_ACTIVITY_. Reproduce exactly the lines of the material beneath, from the line that contains "Hermes Cashmere Silk" to the line that contains "Chanel Icon Choco", both included, and no other lines.

_RECORDED INFORMATION_.
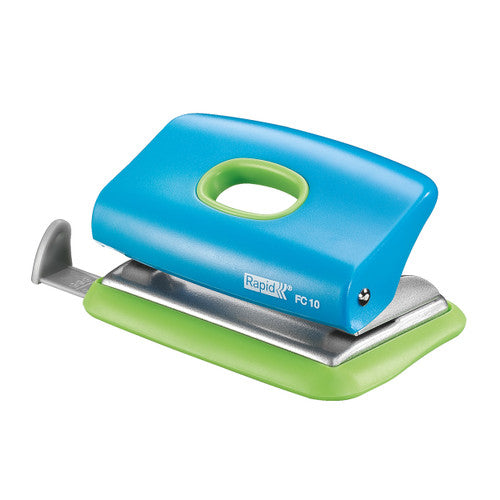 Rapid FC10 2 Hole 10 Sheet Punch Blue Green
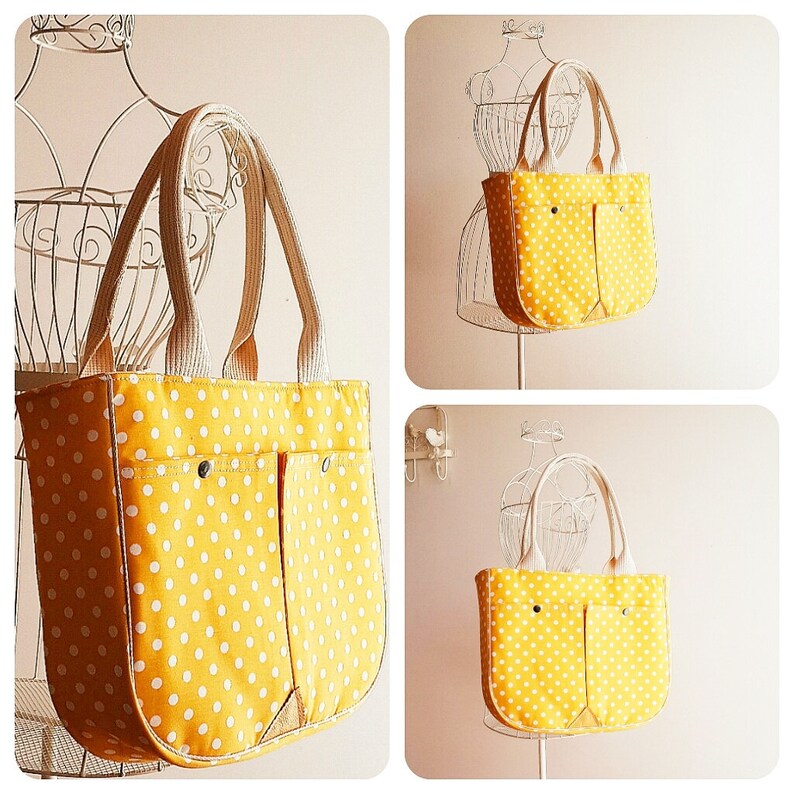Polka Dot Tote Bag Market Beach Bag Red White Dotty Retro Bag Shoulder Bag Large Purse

---

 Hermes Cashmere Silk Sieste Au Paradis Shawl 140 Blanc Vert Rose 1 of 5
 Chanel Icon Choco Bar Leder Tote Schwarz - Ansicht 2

--

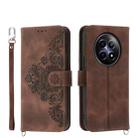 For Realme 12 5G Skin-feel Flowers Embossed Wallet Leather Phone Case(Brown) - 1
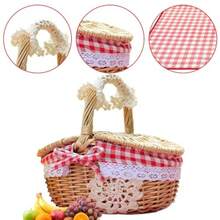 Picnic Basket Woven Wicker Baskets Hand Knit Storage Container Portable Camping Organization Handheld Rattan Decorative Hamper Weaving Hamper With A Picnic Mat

_EXERCISE RESPONSE_.
 Hermes Cashmere Silk Sieste Au Paradis Shawl 140 Blanc Vert Rose 1 of 5
 Chanel Icon Choco Bar Leder Tote Schwarz - Ansicht 2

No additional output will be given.